The leader can select from the following material:

  • Invite people in a period of quiet to think about, reflect on and respond to the following questions:
    • How do you define sexuality?
    • How do you define spirituality?

Time of sharing

    • What attitudes towards sexuality did you learn from your immediate family?
    • What attitudes towards spirituality did you learn from your immediate family?

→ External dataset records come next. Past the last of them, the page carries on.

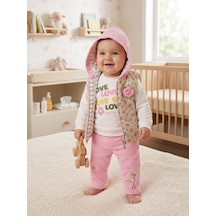 Efemkids 3'lü Kapitone Çiçekli Kız Bebek Takım 6-9 Ay 9-12 Ay 12-18 Ay Yenidoğan Bebek Takım Kapüşonlu Yelek+uzun Kollu Çıtçıtı Body+pijama Kız Bebek Takım Pembe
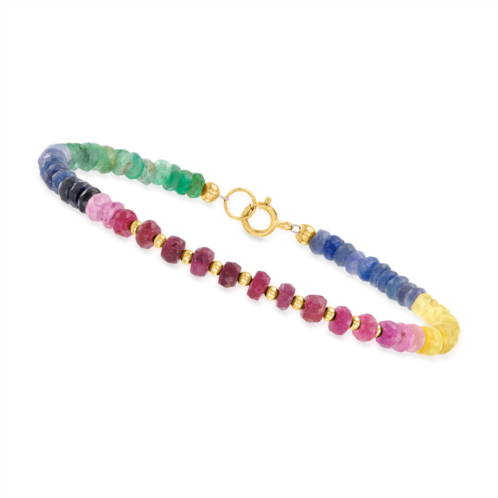 Canaria Fine Jewelry Canaria 18.00- multicolored sapphire and ruby bead bracelet in 10kt yellow gold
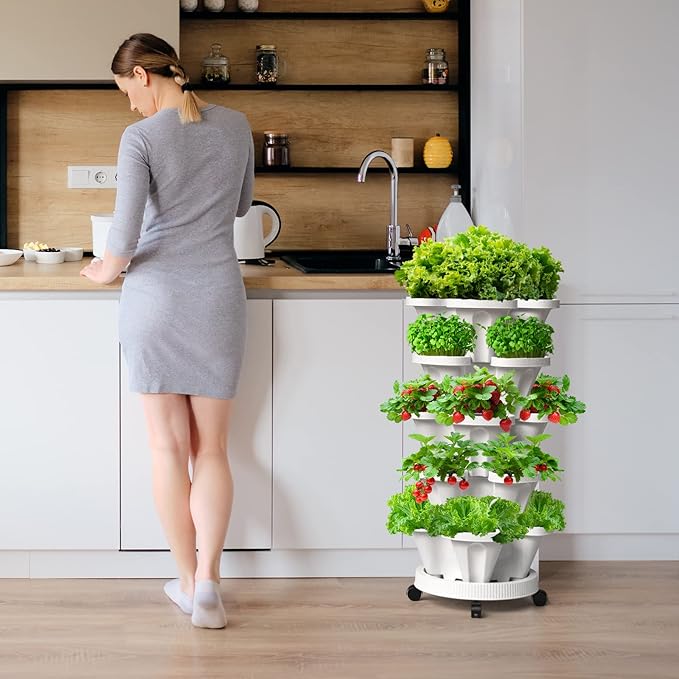 6 Tiered Strawberry Planters, Vertical Garden Tower, Stacking Planter with Support Pole, Stackable Herb Vegetable Planters Indoor and Outdoor - Black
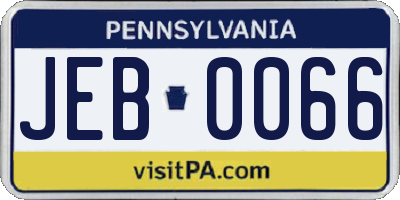 PA license plate JEB0066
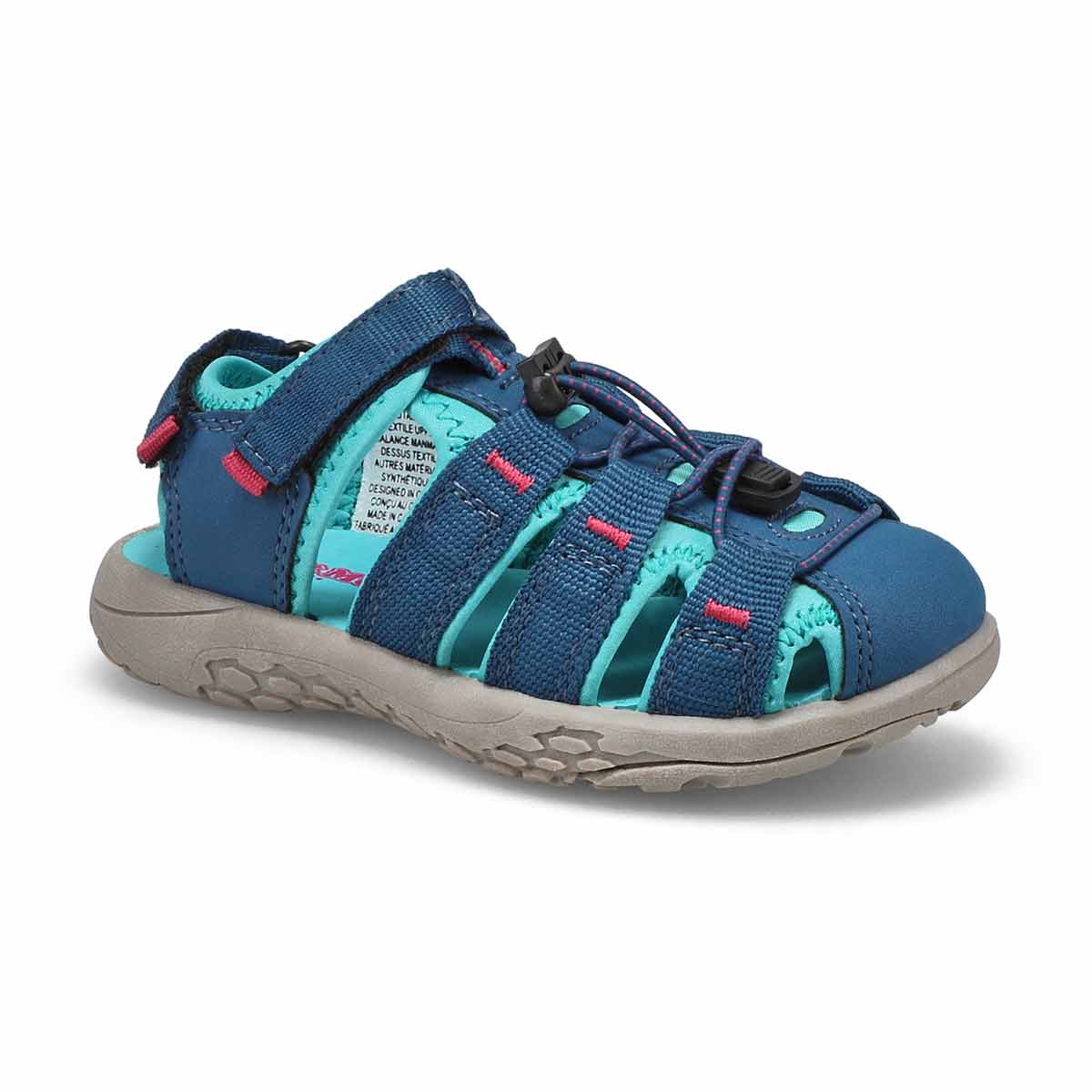 SoftMoc, Girls' Kayla Fisherman Sandal - Navy Turquoise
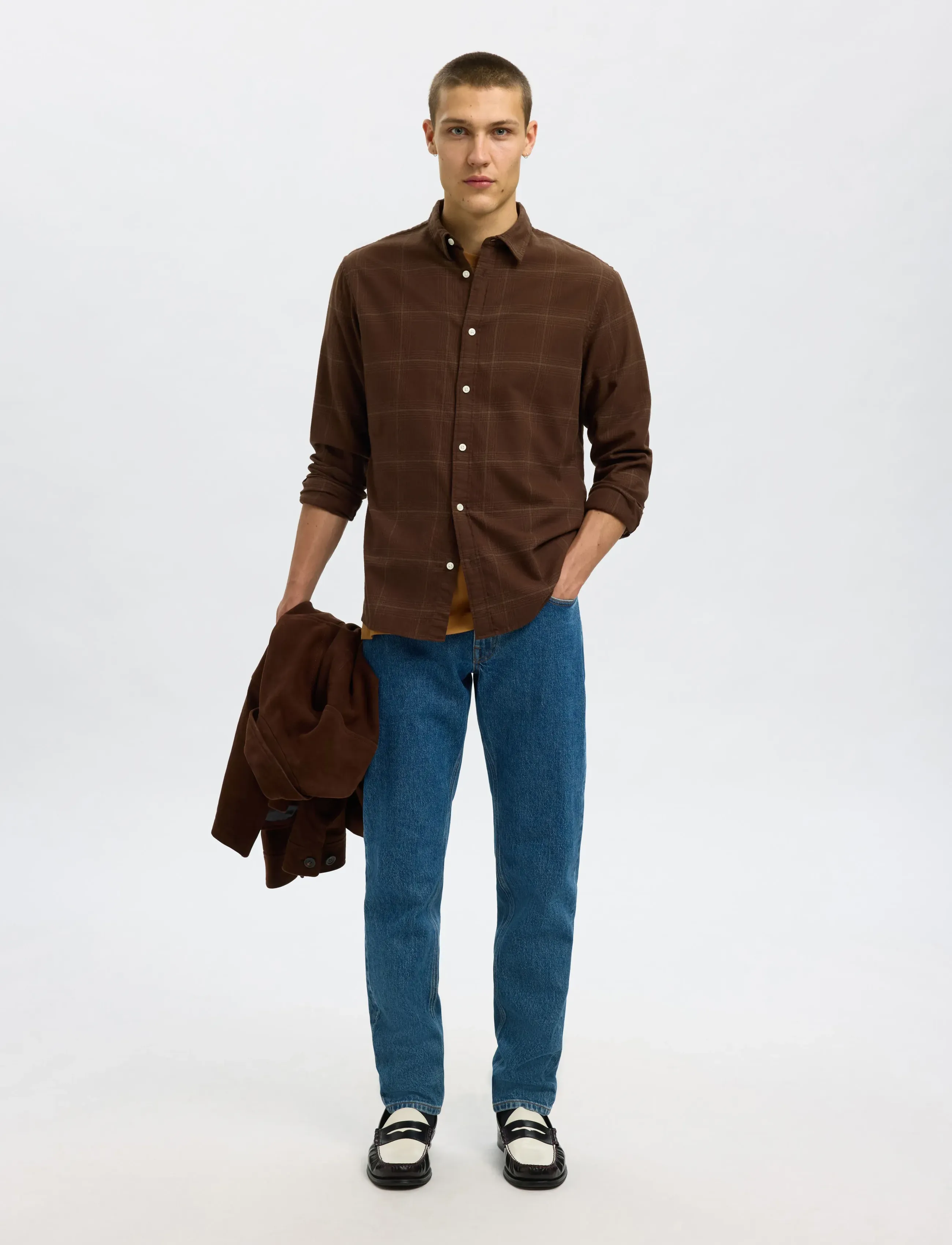 Selected - SLHSLIMOWEN-BRUSHED SHIRT LS NOOS - oxfordi särgid - demitasse - 5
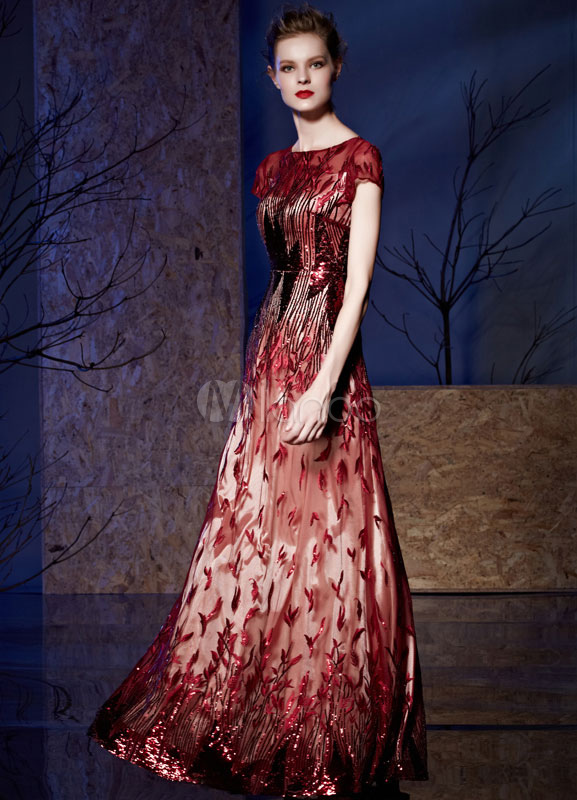 Sequin Evening Dress Embroideries Floor-length Mother Of The Bride ...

Time of sharing and exploring the positives and negatives

  • If we affirm our sexuality as God-given, we might possibly describe it using words such as:

gracious

whole

graceful

transcendent

liberating

unifying

fun

holy

fulfilling

awesome

mysterious

affirming

  • If we affirm our spirituality as God-given, we might possibly describe it using words such as:

affirming

open

healing

obedient

integrative

compassionate

risking

accepting

personal

expressive

healthy

sensitive

    • What other words could we add?
    • Discuss how these words together connect with our sexuality.
  • What might this exercise say about the integration of our sexuality and spirituality?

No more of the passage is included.